I think it will eventually all calm down, but it has become more than a protest over pension reform and is now generally an anti- Sarkozy movement. The way that things have happened here in the past is for the Prime Minister (who is appointed by the President) to resign. That, and withdrawing the proposed legislation, usually satisfies the militants. This time, however, Sarkozy has been fully engaged in all aspects of his policies and their execution from the start and he has not stood back like previous Presidents have done. So if he sacks Francois Fillon, the still popular Prime Minister, there would be no perceived change apart from releasing the latter to stand against Sarkozy as the next presidential candidate! As far as I can understand the French constitution there is no mechanism for dislodging a President so, since Sarkozy is a street fighter and will never resign, we can expect a running battle between now and the elections in 2012.

I have been struck by two things during this episode. Firstly there has been a lack of media management and an absence of government ministers putting their views forward, but then we aren’t hearing much from the Socialists either. Perhaps they are fully aware that they face the same problems if they form the next government and they are keeping their options open!

Secondly there is now a refusal by the protesters to accept that reform is necessary.
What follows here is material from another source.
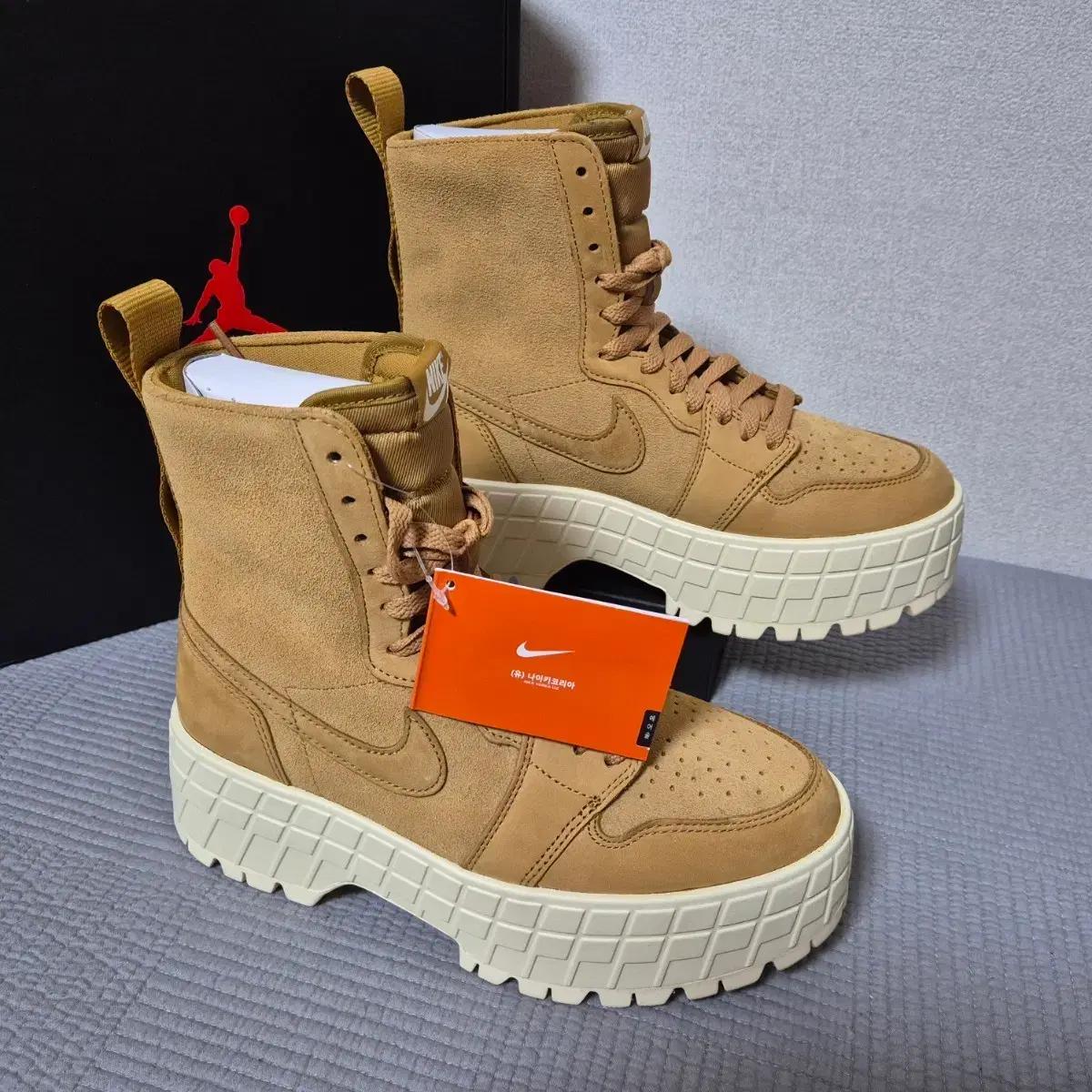 250)나이키 에어 조던 1 브루클린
At the beginning there was a real debate about the fairness of the proposals but now that the movement has gained momentum it has become a demand to withdraw the legislation and nothing less will do. The protesters behave as if the government has a bottomless pit of money, is not subject to international competition or the constraints of credit ratings and can always bail out the country financially. This is in spite of the fact that we regularly hear that there are big holes in the social security budget. I can only assume that they don’t believe what they are told.

Certainly France wouldn’t be France without protests but it is more serious than such an easy way of dismissing these events implies. Personally I think that France is effectively ungovernable because it consistently, stubbornly, forcefully and often successfully resists reform. The result is that it cannot adapt to changing circumstances.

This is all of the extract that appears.